En l'occurrence, je constate une fois de plus que, du côté du parti libéral, on a plutôt peur des droits démocratiques, des droits populaires. On essaie de trouver toutes les manoeuvres possibles et imaginables pour que le peuple ne se prononce pas et je trouve cela inacceptable sur le plan démocratique, inacceptable sur le plan des droits populaires !
M. Pierre Vanek (AdG), rapporteur de minorité. Je trouve surprenant que le représentant qualifié des initiants, qui était qualifié pour les représenter et défendre cette initiative devant la commission fiscale du Grand Conseil, ne le soit pas pour accéder à la demande qui lui est faite, c'est-à-dire de se prononcer clairement et de dire qu'il accepte les règles du jeu telles qu'elles sont définies dans ce document ici. Ce serait vite fait, cela lèverait toute ambiguïté, cela répondrait aux interrogations de mes collègues... En l'occurrence, son silence me surprend.

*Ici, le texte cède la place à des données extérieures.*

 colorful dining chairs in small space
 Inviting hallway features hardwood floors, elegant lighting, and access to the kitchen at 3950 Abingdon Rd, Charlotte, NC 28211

Maintenant, sur le fond de la question, à savoir: devons-nous ou non élaborer un contre-projet à cette initiative? C'est une question évidemment très formelle, puisqu'une large majorité de la commission s'est prononcée non seulement pour le principe d'un contre-projet, mais encore sur un contre-projet rédigé et inclus dans le rapport qui nous a été transmis. J'aimerais, à ce sujet, réitérer ce que j'ai dit hier soir: ce contre-projet n'en est pas un. Il se borne à accommoder les idées des initiants pour les rendre éventuellement applicables, il se borne à mettre en musique ces mêmes idées, une commission du Grand Conseil ayant, au demeurant, fait le travail que les initiants n'ont pas daigné faire eux-mêmes avant de solliciter les signatures de 10 000 citoyennes et citoyens !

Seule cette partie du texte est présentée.